## [Directions]
Please take the lines from the one holding "Big Agnes Insulated" through the one holding "Mitsubishi Space Star" in the data below and copy them exactly.

Brief descriptive captions
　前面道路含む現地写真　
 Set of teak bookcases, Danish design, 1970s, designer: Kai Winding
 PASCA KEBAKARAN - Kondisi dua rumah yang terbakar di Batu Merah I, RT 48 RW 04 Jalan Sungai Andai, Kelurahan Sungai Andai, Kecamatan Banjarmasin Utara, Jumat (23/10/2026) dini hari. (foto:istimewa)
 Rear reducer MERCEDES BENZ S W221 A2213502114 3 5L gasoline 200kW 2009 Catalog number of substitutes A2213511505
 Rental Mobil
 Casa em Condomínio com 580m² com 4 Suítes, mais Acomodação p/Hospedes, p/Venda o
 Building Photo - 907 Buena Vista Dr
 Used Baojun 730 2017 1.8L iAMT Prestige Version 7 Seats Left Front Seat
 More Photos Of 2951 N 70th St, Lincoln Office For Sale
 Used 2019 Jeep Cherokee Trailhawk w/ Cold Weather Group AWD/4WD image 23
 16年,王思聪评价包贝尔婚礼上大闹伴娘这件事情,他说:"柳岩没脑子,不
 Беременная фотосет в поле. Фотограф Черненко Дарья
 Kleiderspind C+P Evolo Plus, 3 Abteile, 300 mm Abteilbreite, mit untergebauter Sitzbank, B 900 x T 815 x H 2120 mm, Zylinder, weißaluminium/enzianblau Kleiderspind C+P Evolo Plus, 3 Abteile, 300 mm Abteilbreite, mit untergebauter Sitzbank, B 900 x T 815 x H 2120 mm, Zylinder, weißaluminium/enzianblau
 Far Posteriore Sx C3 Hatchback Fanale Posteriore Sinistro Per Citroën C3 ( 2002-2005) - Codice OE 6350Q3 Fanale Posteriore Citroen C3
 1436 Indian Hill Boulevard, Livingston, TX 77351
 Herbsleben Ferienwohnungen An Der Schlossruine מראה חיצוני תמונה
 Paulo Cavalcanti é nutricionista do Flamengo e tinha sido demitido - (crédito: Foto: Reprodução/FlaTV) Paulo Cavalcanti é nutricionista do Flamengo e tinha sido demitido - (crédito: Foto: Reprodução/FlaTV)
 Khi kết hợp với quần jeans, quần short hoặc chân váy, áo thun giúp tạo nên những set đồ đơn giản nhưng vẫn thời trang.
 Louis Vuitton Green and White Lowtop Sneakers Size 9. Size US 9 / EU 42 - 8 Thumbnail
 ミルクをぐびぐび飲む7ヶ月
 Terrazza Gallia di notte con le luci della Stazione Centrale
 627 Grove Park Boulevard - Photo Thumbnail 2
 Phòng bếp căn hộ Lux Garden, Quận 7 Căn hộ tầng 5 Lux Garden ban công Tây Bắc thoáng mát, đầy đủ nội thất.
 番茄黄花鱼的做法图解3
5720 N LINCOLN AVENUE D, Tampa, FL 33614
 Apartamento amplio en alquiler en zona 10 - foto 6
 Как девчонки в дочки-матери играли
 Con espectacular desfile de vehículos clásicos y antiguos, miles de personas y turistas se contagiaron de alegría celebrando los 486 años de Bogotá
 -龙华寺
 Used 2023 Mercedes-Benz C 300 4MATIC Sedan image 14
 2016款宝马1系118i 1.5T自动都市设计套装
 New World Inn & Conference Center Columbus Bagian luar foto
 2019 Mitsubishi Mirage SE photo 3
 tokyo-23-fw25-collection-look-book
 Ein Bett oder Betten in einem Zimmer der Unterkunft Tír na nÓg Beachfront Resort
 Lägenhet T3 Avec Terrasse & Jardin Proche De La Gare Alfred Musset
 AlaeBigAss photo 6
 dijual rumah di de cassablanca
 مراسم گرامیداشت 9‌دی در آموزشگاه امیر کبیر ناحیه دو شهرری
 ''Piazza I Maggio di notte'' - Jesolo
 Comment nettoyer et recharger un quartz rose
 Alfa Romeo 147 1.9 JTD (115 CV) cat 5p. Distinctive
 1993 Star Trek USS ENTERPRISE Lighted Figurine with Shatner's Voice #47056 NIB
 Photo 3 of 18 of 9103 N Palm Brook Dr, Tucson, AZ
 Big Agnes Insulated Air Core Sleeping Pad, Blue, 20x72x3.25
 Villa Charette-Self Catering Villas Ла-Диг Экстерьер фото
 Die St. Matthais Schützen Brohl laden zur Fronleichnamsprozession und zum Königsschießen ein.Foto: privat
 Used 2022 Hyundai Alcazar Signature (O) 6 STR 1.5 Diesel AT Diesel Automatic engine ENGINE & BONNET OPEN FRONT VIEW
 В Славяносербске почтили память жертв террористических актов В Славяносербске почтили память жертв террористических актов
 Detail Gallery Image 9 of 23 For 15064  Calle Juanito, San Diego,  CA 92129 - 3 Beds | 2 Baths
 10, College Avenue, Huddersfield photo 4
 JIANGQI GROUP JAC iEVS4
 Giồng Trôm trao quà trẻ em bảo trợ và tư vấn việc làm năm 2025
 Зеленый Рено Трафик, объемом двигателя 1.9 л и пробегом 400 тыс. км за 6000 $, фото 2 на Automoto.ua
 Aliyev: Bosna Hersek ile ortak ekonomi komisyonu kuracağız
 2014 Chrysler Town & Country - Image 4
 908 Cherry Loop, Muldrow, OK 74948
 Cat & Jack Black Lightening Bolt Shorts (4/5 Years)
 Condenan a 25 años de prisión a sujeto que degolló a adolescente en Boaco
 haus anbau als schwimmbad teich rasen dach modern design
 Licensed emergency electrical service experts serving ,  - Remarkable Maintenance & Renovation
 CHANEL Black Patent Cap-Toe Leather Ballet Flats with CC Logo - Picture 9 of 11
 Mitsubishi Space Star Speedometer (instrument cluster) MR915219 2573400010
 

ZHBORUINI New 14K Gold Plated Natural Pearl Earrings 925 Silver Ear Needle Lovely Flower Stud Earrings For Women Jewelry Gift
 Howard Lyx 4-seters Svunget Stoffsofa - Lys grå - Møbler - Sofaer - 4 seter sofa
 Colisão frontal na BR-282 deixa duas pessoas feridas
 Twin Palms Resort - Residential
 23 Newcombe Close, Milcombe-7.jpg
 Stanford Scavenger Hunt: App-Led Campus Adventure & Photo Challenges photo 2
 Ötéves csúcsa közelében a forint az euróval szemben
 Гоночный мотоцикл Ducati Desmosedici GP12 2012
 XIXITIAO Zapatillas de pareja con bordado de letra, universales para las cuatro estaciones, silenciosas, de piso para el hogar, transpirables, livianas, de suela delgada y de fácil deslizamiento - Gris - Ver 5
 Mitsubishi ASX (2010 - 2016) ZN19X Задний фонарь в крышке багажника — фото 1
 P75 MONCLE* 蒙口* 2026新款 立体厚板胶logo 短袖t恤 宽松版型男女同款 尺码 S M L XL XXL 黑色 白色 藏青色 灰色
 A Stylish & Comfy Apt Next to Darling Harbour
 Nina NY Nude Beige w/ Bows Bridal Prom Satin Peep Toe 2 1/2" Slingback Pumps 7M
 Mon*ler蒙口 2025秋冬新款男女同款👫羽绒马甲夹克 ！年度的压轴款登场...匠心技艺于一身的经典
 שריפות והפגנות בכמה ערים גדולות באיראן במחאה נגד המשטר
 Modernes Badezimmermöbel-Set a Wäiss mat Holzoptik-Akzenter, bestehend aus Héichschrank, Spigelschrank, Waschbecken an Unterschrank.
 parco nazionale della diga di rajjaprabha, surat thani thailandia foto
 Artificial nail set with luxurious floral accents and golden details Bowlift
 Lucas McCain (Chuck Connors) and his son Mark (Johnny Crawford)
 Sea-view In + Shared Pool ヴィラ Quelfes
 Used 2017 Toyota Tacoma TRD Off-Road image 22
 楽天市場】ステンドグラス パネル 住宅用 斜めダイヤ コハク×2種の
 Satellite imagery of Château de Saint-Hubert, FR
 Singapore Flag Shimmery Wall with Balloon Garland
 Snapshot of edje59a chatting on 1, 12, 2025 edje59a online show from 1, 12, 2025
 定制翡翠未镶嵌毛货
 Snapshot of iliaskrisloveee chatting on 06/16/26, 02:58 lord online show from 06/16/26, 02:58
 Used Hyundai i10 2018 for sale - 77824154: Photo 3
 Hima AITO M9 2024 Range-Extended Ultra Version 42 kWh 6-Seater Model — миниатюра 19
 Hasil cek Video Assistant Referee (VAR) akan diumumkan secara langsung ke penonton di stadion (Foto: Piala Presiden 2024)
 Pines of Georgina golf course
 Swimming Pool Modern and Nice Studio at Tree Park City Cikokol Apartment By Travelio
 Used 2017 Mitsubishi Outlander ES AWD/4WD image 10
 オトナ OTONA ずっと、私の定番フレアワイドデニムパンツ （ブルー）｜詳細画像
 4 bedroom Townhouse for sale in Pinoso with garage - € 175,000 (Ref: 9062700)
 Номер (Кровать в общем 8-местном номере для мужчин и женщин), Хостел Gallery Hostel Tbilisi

## [Response for this exercise]
 Big Agnes Insulated Air Core Sleeping Pad, Blue, 20x72x3.25
 Villa Charette-Self Catering Villas Ла-Диг Экстерьер фото
 Die St. Matthais Schützen Brohl laden zur Fronleichnamsprozession und zum Königsschießen ein.Foto: privat
 Used 2022 Hyundai Alcazar Signature (O) 6 STR 1.5 Diesel AT Diesel Automatic engine ENGINE & BONNET OPEN FRONT VIEW
 В Славяносербске почтили память жертв террористических актов В Славяносербске почтили память жертв террористических актов
 Detail Gallery Image 9 of 23 For 15064  Calle Juanito, San Diego,  CA 92129 - 3 Beds | 2 Baths
 10, College Avenue, Huddersfield photo 4
 JIANGQI GROUP JAC iEVS4
 Giồng Trôm trao quà trẻ em bảo trợ và tư vấn việc làm năm 2025
 Зеленый Рено Трафик, объемом двигателя 1.9 л и пробегом 400 тыс. км за 6000 $, фото 2 на Automoto.ua
 Aliyev: Bosna Hersek ile ortak ekonomi komisyonu kuracağız
 2014 Chrysler Town & Country - Image 4
 908 Cherry Loop, Muldrow, OK 74948
 Cat & Jack Black Lightening Bolt Shorts (4/5 Years)
 Condenan a 25 años de prisión a sujeto que degolló a adolescente en Boaco
 haus anbau als schwimmbad teich rasen dach modern design
 Licensed emergency electrical service experts serving ,  - Remarkable Maintenance & Renovation
 CHANEL Black Patent Cap-Toe Leather Ballet Flats with CC Logo - Picture 9 of 11
 Mitsubishi Space Star Speedometer (instrument cluster) MR915219 2573400010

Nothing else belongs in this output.